Hernán Bonilla
Hernán Bonilla

Coyuntura económica

La coyuntura económica que atraviesa el país, con claros síntomas de desaceleración, no es reciente pero parece que la preocupación recién asalta a la opinión pública.

La coyuntura económica que atraviesa el país, con claros síntomas de desaceleración, no es reciente pero parece que la preocupación recién asalta a la opinión pública.

La economía uruguaya no entrará en crisis, pero vivirá un panorama, en particular en este semestre, muy similar al estancamiento. La caída de las exportaciones, los datos sobre el mercado de trabajo en general, y la pérdida de puestos en la construcción en particular, son elocuentes al respecto. Las pautas salariales que quiso fijar el Ministerio de Economía, la efímera suspensión del Antel Arena y el recorte en la publicidad de las empresas públicas, dieron la señal de que desde el Ejecutivo, en la antesala de la presentación del Presupuesto quinquenal, se cobraba conciencia de la situación que atraviesa el país.

Ahora queda en evidencia que se cometieron graves errores en la conducción económica desde 2005. El aumento del gasto público al mismo ritmo que el crecimiento de la economía en una etapa exuberante, fue un yerro inexcusable que nos coloca en una situación fiscal comprometida. Si el gobierno actual debe realizar un ajuste es porque cuando se debió ahorrar no se hizo. Hubiera bastado con que el gasto creciera un poco menos, para haber formado un fondo de estabilización que hoy nos permitiría enfrentar la situación sin ajustes recesivos como los que se están aplicando y seguramente se continuarán instrumentando.

Vale decir, el curso de acción que pretende seguir el equipo económico es el más razonable en las actuales circunstancias, pero dista mucho de ser el óptimo y eso se debe a que lo que los mismos protagonistas hicieron en los últimos 10 años fue pésimo. Ya no quedan muchos defensores de la conducción económica del astorismo de 2005-2014, pero recordemos que buena parte de la oposición y de los analistas económicos se comieron la pastilla y alababan su seriedad y profesionalismo.

Mirando hacia adelante, incluso el camino de ripios que hoy nos proponen seguir encuentra obstáculos dentro del propio oficialismo. La forma en que debió recular el astorismo ante el embate del mujiquismo, el Pit-Cnt y aliados, con las pautas definidas para los Consejos de Salarios y la efímera suspensión del Antel Arena, despiertan una razonable preocupación ante la disyuntiva de que una política económica más irresponsable aún gane terreno.
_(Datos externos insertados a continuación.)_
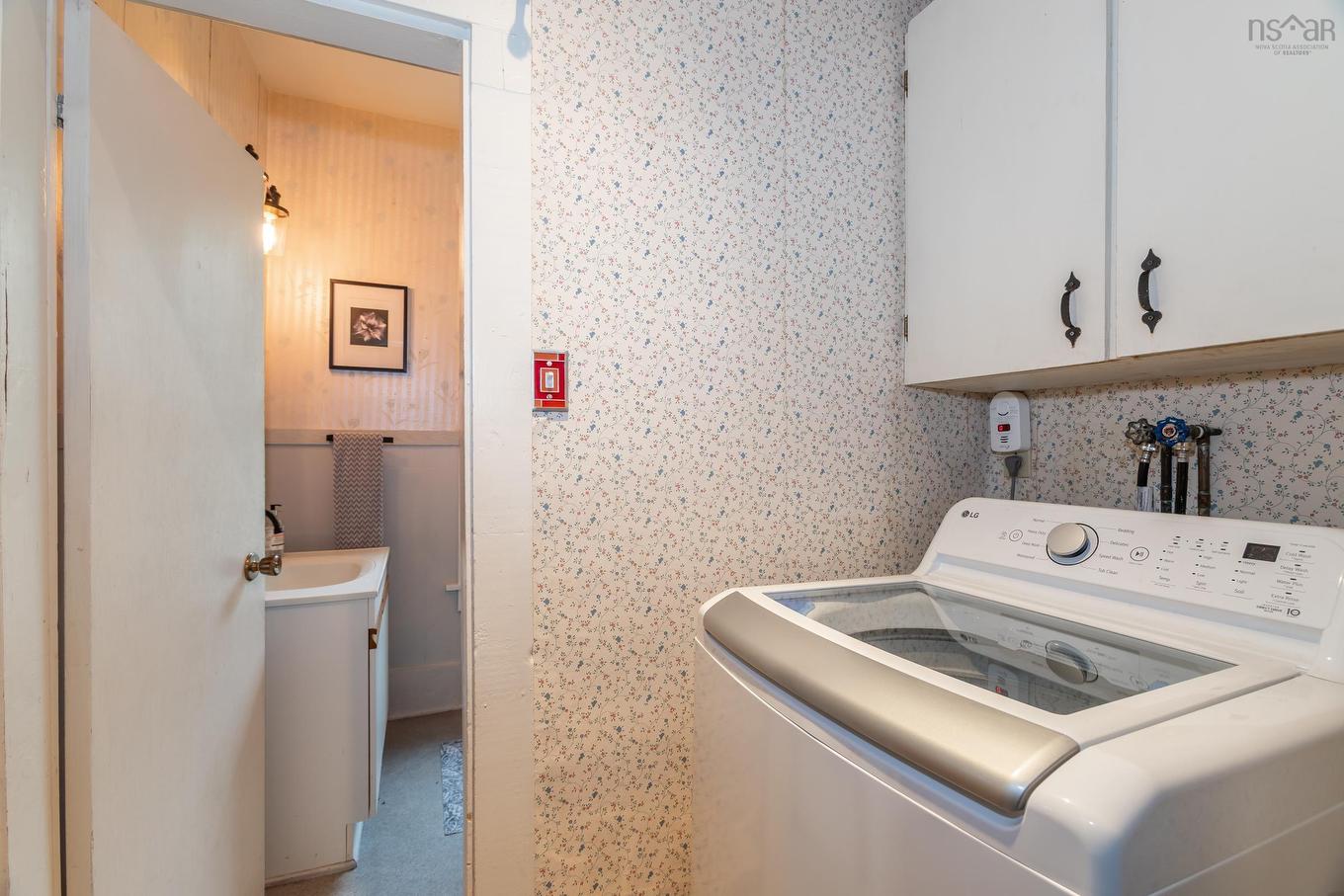 2526 Highway 1, Upper Clements, NS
No debemos olvidar que el eje MPP-Partido Comunista-Sendic y buena parte del Partido Socialista hoy están alineados en una postura radical que pretende aumentar el gasto fuertemente en la discusión presupuestal. Con un déficit que se acerca a los 2.000 millones de dólares y una relación deuda-producto en el 60% se parece mucho a una invitación a saltar al precipicio. Ni hablemos de la incongruencia aritmética y el dislate conceptual de utilizar las reservas internacionales para financiar gasto corriente.

El astorismo debe dejar de lado la cantinflada del “espacio fiscal”, para no dar lugar al ataque demagógico al presupuesto que vendrá de sus propios compañeros, y plantear un presupuesto muy prudente porque en la discusión parlamentaria lo van a cocinar. Esta es la disyuntiva actual, consecuencia del laberinto cretense en que nos metieron, del que solo podremos salir bien con paciencia, ponderación y suerte.